→ **How to complete this task**: Return all the entries below exactly as they were given.

→ **The records**:
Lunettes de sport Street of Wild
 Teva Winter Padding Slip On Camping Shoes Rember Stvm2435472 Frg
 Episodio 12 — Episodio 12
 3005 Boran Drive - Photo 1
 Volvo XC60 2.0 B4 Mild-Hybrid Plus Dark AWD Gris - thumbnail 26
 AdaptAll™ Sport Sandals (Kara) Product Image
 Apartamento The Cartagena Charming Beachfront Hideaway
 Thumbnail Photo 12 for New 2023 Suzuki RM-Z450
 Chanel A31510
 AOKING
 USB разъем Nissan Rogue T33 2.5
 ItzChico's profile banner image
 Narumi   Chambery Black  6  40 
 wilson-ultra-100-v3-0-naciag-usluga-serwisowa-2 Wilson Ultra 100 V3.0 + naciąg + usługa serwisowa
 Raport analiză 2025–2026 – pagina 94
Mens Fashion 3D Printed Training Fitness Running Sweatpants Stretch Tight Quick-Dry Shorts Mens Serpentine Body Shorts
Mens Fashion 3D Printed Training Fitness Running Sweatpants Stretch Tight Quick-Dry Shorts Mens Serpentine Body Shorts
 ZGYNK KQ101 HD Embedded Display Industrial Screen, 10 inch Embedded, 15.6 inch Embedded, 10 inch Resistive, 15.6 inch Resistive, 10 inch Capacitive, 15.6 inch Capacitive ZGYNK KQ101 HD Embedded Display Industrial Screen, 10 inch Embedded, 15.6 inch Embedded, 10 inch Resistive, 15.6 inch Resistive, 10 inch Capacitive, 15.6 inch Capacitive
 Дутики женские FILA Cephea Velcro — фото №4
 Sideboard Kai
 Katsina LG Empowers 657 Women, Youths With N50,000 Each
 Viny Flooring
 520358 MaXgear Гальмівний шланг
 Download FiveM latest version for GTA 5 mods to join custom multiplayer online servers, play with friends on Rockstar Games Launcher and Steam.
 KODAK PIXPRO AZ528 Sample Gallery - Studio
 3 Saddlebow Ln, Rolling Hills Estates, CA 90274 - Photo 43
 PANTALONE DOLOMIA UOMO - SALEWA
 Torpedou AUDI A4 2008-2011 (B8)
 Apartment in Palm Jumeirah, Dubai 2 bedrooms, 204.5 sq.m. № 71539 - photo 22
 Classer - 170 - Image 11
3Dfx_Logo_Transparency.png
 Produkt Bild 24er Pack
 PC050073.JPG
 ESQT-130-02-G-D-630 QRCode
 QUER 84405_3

→ **Answer to this problem**:
Lunettes de sport Street of Wild
 Teva Winter Padding Slip On Camping Shoes Rember Stvm2435472 Frg
 Episodio 12 — Episodio 12
 3005 Boran Drive - Photo 1
 Volvo XC60 2.0 B4 Mild-Hybrid Plus Dark AWD Gris - thumbnail 26
 AdaptAll™ Sport Sandals (Kara) Product Image
 Apartamento The Cartagena Charming Beachfront Hideaway
 Thumbnail Photo 12 for New 2023 Suzuki RM-Z450
 Chanel A31510
 AOKING
 USB разъем Nissan Rogue T33 2.5
 ItzChico's profile banner image
 Narumi   Chambery Black  6  40 
 wilson-ultra-100-v3-0-naciag-usluga-serwisowa-2 Wilson Ultra 100 V3.0 + naciąg + usługa serwisowa
 Raport analiză 2025–2026 – pagina 94
Mens Fashion 3D Printed Training Fitness Running Sweatpants Stretch Tight Quick-Dry Shorts Mens Serpentine Body Shorts
Mens Fashion 3D Printed Training Fitness Running Sweatpants Stretch Tight Quick-Dry Shorts Mens Serpentine Body Shorts
 ZGYNK KQ101 HD Embedded Display Industrial Screen, 10 inch Embedded, 15.6 inch Embedded, 10 inch Resistive, 15.6 inch Resistive, 10 inch Capacitive, 15.6 inch Capacitive ZGYNK KQ101 HD Embedded Display Industrial Screen, 10 inch Embedded, 15.6 inch Embedded, 10 inch Resistive, 15.6 inch Resistive, 10 inch Capacitive, 15.6 inch Capacitive
 Дутики женские FILA Cephea Velcro — фото №4
 Sideboard Kai
 Katsina LG Empowers 657 Women, Youths With N50,000 Each
 Viny Flooring
 520358 MaXgear Гальмівний шланг
 Download FiveM latest version for GTA 5 mods to join custom multiplayer online servers, play with friends on Rockstar Games Launcher and Steam.
 KODAK PIXPRO AZ528 Sample Gallery - Studio
 3 Saddlebow Ln, Rolling Hills Estates, CA 90274 - Photo 43
 PANTALONE DOLOMIA UOMO - SALEWA
 Torpedou AUDI A4 2008-2011 (B8)
 Apartment in Palm Jumeirah, Dubai 2 bedrooms, 204.5 sq.m. № 71539 - photo 22
 Classer - 170 - Image 11
3Dfx_Logo_Transparency.png
 Produkt Bild 24er Pack
 PC050073.JPG
 ESQT-130-02-G-D-630 QRCode
 QUER 84405_3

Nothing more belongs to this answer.